Exercise
Where does the word "with" occur in the data below? Copy each line that holds it.

Start of Records for this exercise

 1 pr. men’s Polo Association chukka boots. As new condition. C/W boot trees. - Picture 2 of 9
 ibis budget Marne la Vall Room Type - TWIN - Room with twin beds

End of Records for this exercise
Start of Records for this exercise

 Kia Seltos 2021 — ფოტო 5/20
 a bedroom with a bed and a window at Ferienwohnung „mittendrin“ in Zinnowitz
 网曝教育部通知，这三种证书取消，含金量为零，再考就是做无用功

End of Records for this exercise
Start of Records for this exercise

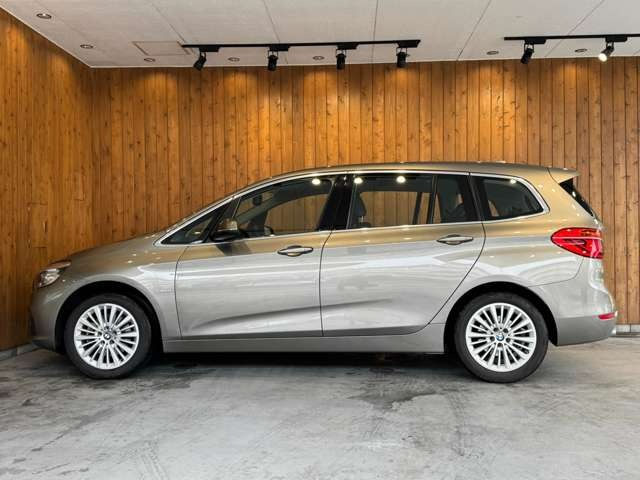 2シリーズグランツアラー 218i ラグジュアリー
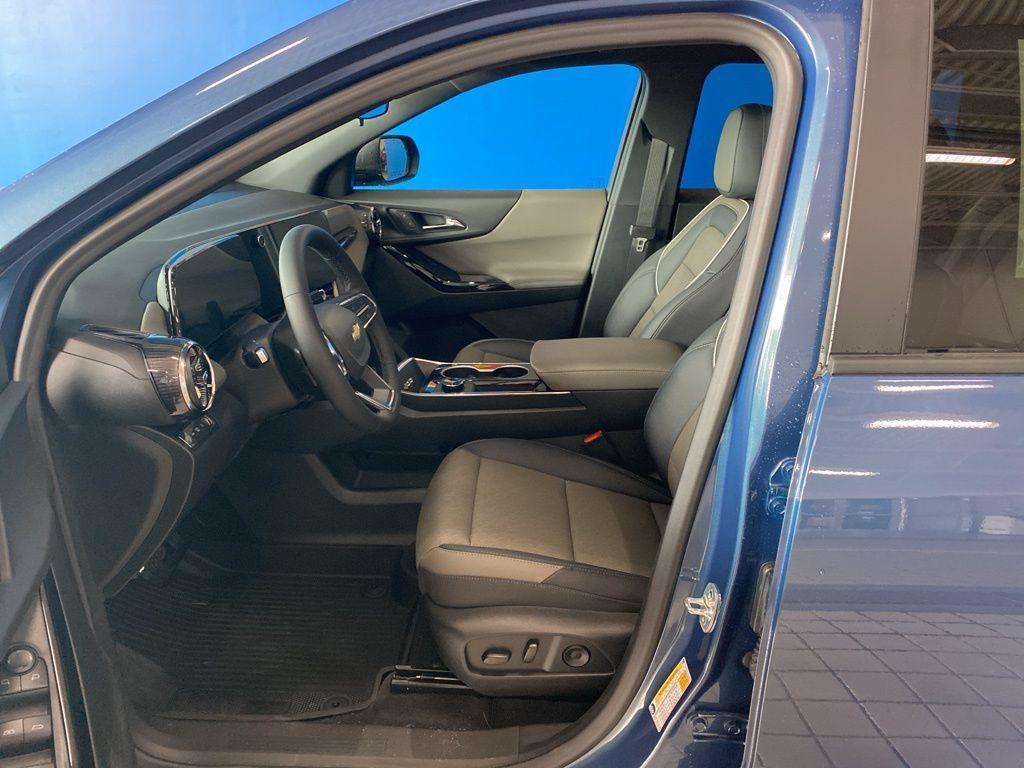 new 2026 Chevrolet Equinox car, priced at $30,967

End of Records for this exercise

Reply
 ibis budget Marne la Vall Room Type - TWIN - Room with twin beds
 a bedroom with a bed and a window at Ferienwohnung „mittendrin“ in Zinnowitz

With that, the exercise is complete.